Su voz, interpuesta entre las otras dos, parecía más amplia pero más débil que las suyas, como si el abuelo fuera un gigante que hablara desde lejos.
– El demonio y yo, abuelo -dijo mi padre-. A mí me gustan las mentiras. Digo mentiras todos los días. Me pagan por decirlas.
Sonaron unos pasos en el suelo sin alfombrar de la cocina. Mi madre cruzaba frente a las escaleras, en el rincón de la casa diagonalmente opuesto al que ocupaba mi cama.

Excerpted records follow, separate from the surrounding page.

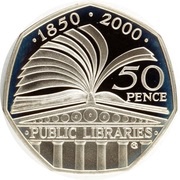 50 Pence - Elizabeth II Public Libraries; Silver Piedfort, United Kingdom, 2000 reverse image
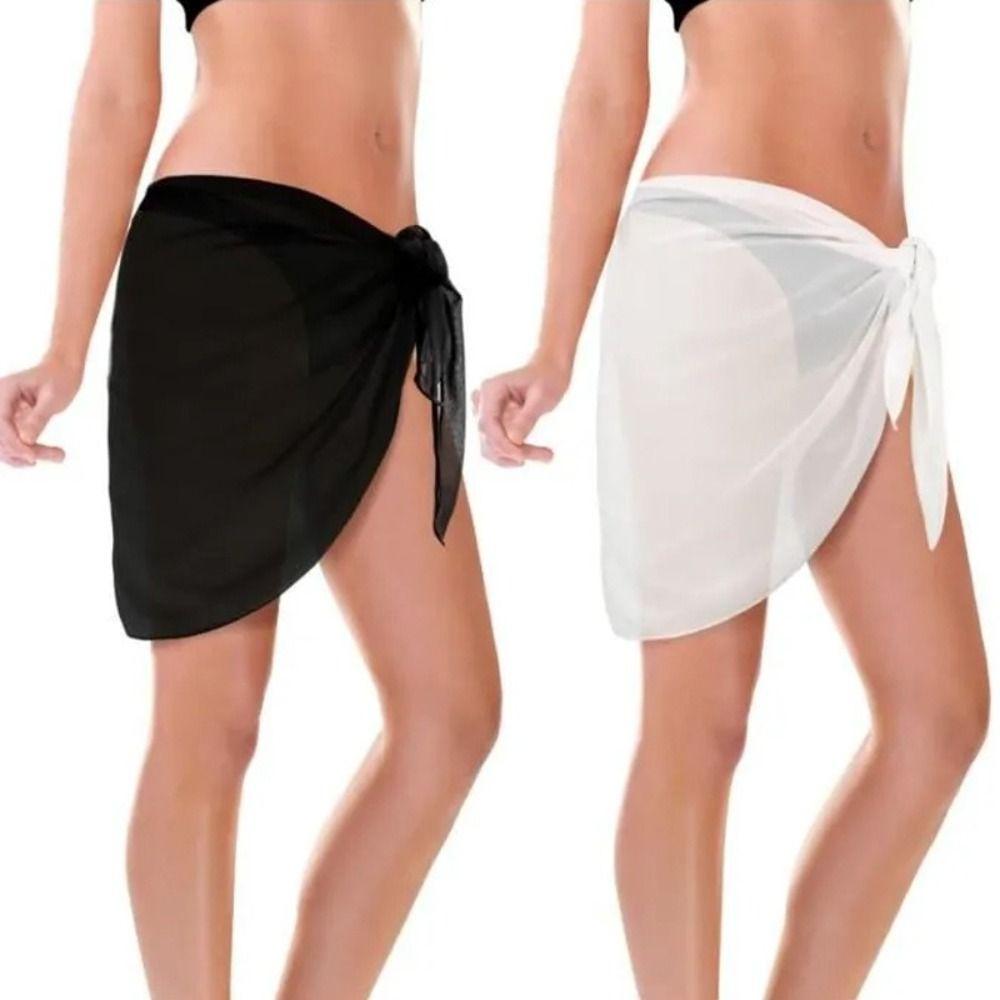 Solid Color Swimsuit Cover Ups Sheer Mesh Sheer Short Skirt Shiny Beach Wrap Skirt For Women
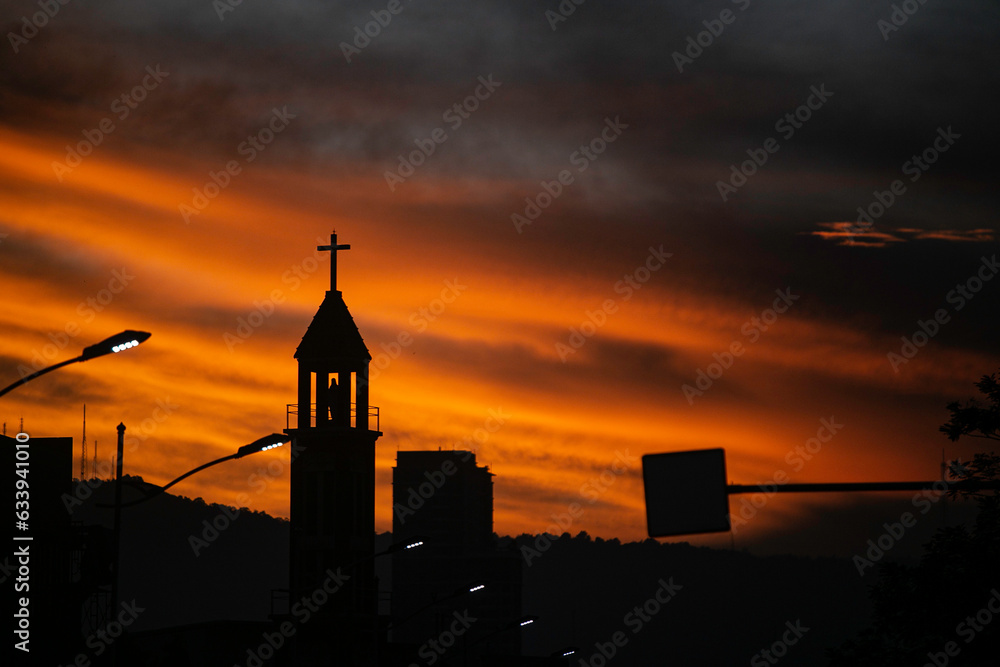 the background image of the church of christ and the golden light in the morning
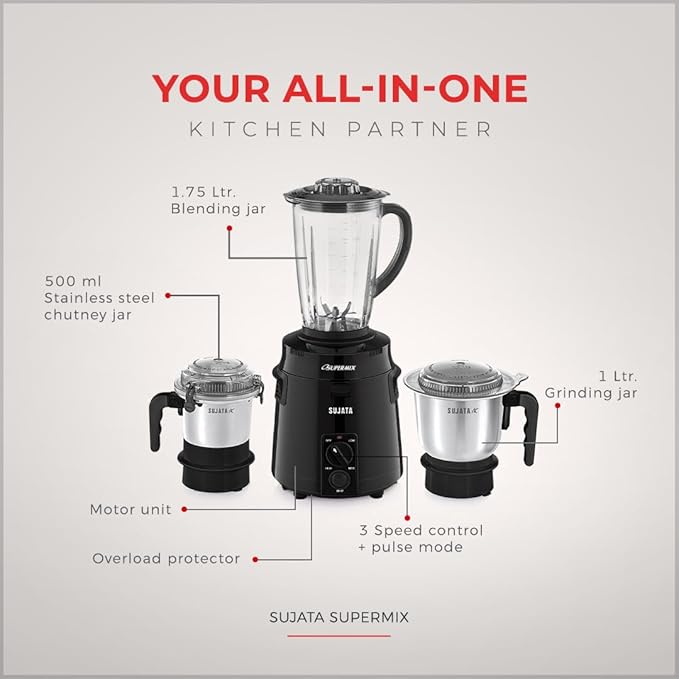 SUJATA:MIXER GRINDER:SUPERMIX BLACK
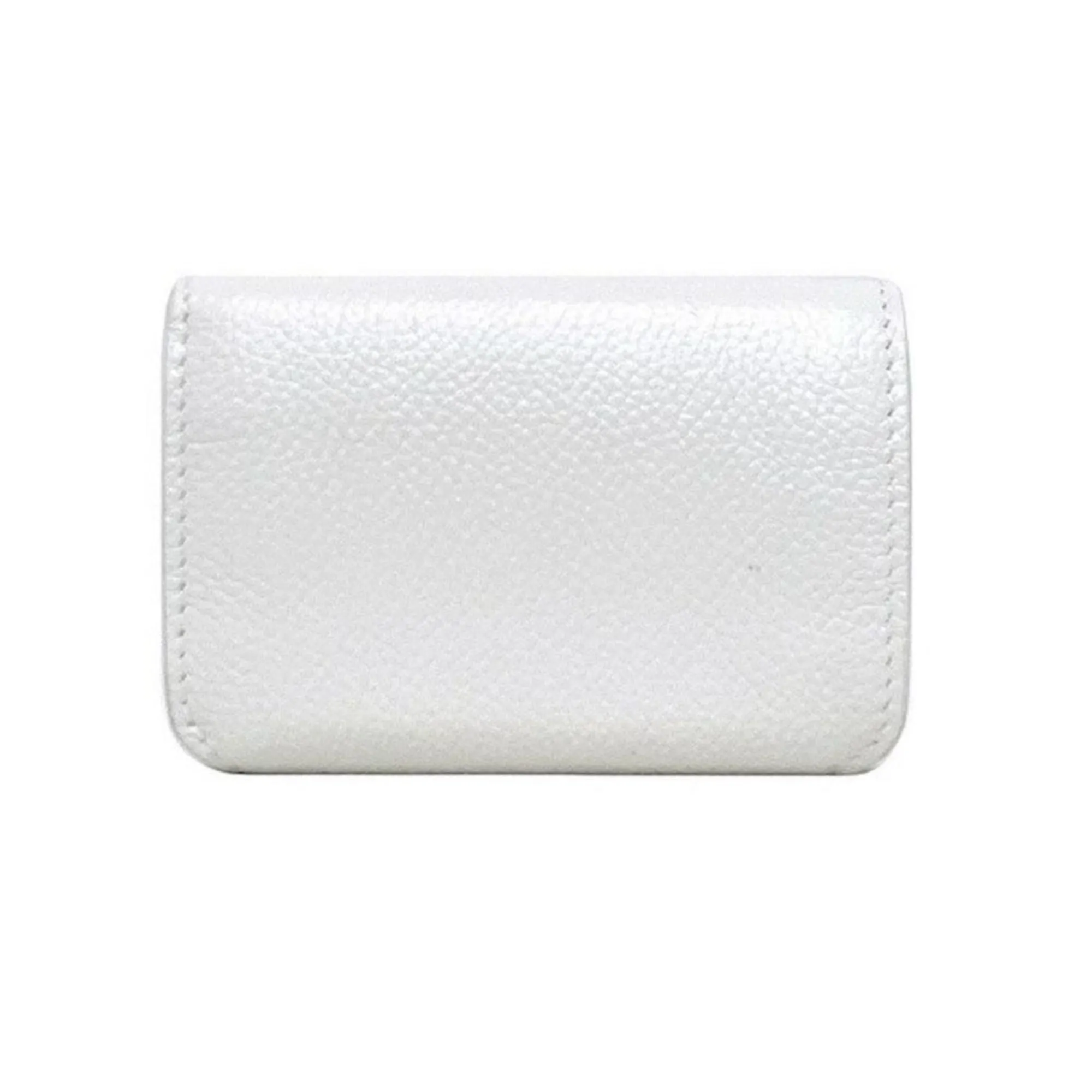 Balenciaga Everyday White Leather Logo Mini Trifold Wallet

– ¡Peter! -gritó-. ¿Estás despierto?
Cerré los ojos y me relajé hasta deslizarme en mi cálida guarida. Las mantas calentadas por mi cuerpo se convirtieron en blandas cadenas que tiraban de mí hacia abajo; sentía en la boca una rancia ambrosía arrulladora. El empapelado amarillo limón, en el que se veían unos pequeños medallones oscuros con unas caras que parecían gatos con el ceño fruncido, permanecía grabado en mis párpados, en negativo sobre fondo rojo. Volví a mi sueño anterior. Penny y yo estábamos detrás de un árbol. Los primeros botones de su blusa, unos botones que parecían perlas, estaban desabrochados como lo habían estado hacía unas semanas, antes de las vacaciones de Navidad, en el oscuro Buick aparcado junto al instituto. A la altura de nuestras rodillas sonaba el ruido de la calefacción. Pero el sueño transcurría en pleno día, en un bosque de árboles delgados atravesados por la luz. Un arrendajo pendía colgado del aire completamente inmóvil; tenía todas sus plumas iluminadas, y parecía un colibrí, pero tenía las alas pegadas a los costados y sus ojos despiertos como cuentas de cristal negro. Al moverse pareció un pájaro disecado movido por hilos; pero estaba vivo.